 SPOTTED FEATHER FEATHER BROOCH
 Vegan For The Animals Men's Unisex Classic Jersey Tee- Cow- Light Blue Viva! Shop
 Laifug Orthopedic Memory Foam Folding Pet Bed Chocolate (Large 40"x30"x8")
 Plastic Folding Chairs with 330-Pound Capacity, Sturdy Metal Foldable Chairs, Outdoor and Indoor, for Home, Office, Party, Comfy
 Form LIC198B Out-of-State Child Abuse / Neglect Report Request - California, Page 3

+ + + +

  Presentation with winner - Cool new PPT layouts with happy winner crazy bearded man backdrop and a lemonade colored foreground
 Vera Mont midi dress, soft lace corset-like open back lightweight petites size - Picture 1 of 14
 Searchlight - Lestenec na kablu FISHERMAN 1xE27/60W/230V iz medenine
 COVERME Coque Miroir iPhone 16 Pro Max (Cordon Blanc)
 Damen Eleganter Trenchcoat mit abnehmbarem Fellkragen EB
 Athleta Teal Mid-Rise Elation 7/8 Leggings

+ + + +

> **Exercise brief**
Using the entries above, give back exactly the line containing "SPOTTED FEATHER FEATHER BROOCH", the line containing "Form LIC198B Out-of-State", and every line between them, and nothing else.

> **Reply to the task**
 SPOTTED FEATHER FEATHER BROOCH
 Vegan For The Animals Men's Unisex Classic Jersey Tee- Cow- Light Blue Viva! Shop
 Laifug Orthopedic Memory Foam Folding Pet Bed Chocolate (Large 40"x30"x8")
 Plastic Folding Chairs with 330-Pound Capacity, Sturdy Metal Foldable Chairs, Outdoor and Indoor, for Home, Office, Party, Comfy
 Form LIC198B Out-of-State Child Abuse / Neglect Report Request - California, Page 3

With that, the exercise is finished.